When that 90-day program ended, she was taken to another facility where she stayed for 13 months. “I kissed a girl in my house and the staff found out and they did not take that lightly,” says Lexi.

The artist explains she was dropped down to level one of the five-phase program, which was called “safety.” This meant she had to stay within five feet of staff at all times, she was watched while she slept, and she had to count out loud while using the bathroom. She was also placed on “communication block,” which meant she wasn’t allowed to speak to anyone for “a couple of weeks.” “The therapy was intense and it hurt. It was explosing and I was not ready,” she says.

Hundreds of miles away, Bowie was getting increasingly ill. “A few months into the program, my dad passed away. I was not there. I had the luxury of speaking to him two days before, on his birthday; I told him I loved him, and he said it back,” she recalls in the video.

What hurt her most was not being able to say goodbye to him and the media headlines claiming the whole family was there to bid him farewell: “The whole family was there, except for me,” she says. “Sometimes I have those moments where I wish things were to be different.”

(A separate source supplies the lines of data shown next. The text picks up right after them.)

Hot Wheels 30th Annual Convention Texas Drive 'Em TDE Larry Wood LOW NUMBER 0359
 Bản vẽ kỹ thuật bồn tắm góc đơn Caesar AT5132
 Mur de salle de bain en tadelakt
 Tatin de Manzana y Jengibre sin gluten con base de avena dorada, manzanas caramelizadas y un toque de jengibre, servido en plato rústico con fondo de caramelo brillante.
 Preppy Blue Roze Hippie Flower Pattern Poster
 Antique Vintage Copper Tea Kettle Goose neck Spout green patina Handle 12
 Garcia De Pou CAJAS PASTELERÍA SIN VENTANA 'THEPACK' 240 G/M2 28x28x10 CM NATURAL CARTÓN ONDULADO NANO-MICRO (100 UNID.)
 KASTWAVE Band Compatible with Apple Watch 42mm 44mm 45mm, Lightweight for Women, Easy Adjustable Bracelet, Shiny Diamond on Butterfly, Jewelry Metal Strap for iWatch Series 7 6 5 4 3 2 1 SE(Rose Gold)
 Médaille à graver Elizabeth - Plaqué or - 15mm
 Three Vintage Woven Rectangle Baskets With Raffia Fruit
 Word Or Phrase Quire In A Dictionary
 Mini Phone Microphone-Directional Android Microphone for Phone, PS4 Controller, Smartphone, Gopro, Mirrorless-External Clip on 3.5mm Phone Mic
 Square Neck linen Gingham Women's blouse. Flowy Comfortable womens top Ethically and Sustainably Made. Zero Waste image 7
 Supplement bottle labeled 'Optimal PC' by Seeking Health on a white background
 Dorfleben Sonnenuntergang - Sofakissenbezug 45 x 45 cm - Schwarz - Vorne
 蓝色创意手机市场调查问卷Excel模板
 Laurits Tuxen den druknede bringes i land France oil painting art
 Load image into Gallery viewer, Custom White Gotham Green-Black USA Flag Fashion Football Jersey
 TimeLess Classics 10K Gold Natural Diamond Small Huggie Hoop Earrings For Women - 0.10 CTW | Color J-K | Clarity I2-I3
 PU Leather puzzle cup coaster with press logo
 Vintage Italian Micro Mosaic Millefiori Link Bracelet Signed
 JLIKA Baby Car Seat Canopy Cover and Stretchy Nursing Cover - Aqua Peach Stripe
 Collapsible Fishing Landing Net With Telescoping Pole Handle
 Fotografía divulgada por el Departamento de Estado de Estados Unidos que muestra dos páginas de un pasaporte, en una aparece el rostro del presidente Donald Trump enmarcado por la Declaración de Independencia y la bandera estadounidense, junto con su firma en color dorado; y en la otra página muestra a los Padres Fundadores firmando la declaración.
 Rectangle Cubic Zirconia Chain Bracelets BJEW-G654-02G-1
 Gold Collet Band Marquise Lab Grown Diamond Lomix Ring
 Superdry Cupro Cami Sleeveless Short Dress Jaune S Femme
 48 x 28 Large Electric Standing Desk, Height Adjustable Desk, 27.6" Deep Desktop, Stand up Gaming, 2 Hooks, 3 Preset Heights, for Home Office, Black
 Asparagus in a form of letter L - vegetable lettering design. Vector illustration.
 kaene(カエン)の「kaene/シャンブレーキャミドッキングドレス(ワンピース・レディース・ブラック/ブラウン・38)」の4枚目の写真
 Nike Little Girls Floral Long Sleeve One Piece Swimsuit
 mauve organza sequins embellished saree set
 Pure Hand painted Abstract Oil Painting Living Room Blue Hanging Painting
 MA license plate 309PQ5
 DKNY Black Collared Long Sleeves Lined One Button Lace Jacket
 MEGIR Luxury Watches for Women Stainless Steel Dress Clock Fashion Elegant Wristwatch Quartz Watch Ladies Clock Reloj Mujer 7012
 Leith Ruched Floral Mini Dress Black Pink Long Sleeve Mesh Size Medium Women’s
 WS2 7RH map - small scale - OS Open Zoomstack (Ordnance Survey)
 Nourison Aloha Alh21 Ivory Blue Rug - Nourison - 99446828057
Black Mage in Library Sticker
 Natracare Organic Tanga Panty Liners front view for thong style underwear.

At 16, Levi returned home, but was given a set of rules she had to follow: “I didn’t know who I was or what I needed. [...] I tested everything. I try to live fast to cram the years I’ve lost into the time I had left.”

It’s wasn’t long before Levi was taken to a new therapy program. “It felt like I was always being reshaped to fit somewhere I didn’t ask to be. [...] I went through things that no kid should have to go through. [...] This is not just a story about trauma; it’s a story about how I was shaped,” she says. “I also feel proud of how far I’ve come.”

Lexi has a released album, Xandri, and she also spends time painting and illustrating.